What you have to do:
Collect every line below that contains the word "Foto".

The data:
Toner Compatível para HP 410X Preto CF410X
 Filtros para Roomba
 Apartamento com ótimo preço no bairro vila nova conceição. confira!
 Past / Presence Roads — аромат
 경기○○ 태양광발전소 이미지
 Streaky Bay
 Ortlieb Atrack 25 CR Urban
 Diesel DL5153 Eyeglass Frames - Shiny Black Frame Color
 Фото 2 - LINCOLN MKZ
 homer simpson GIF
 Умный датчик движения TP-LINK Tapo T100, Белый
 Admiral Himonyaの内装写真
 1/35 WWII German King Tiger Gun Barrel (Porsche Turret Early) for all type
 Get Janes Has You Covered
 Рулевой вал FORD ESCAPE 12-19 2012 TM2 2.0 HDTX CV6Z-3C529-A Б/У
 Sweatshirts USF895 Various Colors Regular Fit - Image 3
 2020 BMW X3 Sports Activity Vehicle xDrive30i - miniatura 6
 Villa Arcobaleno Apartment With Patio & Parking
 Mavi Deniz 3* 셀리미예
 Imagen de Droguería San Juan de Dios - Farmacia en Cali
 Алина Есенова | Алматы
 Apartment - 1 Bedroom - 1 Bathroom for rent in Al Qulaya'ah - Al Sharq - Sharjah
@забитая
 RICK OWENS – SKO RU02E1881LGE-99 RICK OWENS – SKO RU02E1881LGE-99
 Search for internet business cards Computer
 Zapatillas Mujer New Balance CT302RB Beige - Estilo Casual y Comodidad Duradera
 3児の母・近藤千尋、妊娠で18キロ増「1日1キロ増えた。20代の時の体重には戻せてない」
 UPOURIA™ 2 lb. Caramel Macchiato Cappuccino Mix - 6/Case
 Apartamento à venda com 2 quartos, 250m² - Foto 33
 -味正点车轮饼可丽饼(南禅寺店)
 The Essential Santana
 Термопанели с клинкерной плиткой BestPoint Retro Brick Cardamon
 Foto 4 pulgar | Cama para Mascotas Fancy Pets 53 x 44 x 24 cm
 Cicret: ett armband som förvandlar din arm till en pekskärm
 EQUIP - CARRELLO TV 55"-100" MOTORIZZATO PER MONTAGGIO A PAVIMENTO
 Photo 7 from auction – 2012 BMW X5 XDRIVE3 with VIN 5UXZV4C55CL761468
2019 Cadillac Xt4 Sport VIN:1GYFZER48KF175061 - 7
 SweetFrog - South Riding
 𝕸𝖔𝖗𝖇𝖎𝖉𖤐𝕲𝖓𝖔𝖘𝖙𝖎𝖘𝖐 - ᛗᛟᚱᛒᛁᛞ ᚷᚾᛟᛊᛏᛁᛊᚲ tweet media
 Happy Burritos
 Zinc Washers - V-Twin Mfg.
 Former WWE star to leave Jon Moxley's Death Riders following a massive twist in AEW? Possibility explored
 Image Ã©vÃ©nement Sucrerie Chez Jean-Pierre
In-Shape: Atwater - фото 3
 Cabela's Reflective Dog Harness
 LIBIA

Answer box:
 Apartamento à venda com 2 quartos, 250m² - Foto 33
 Foto 4 pulgar | Cama para Mascotas Fancy Pets 53 x 44 x 24 cm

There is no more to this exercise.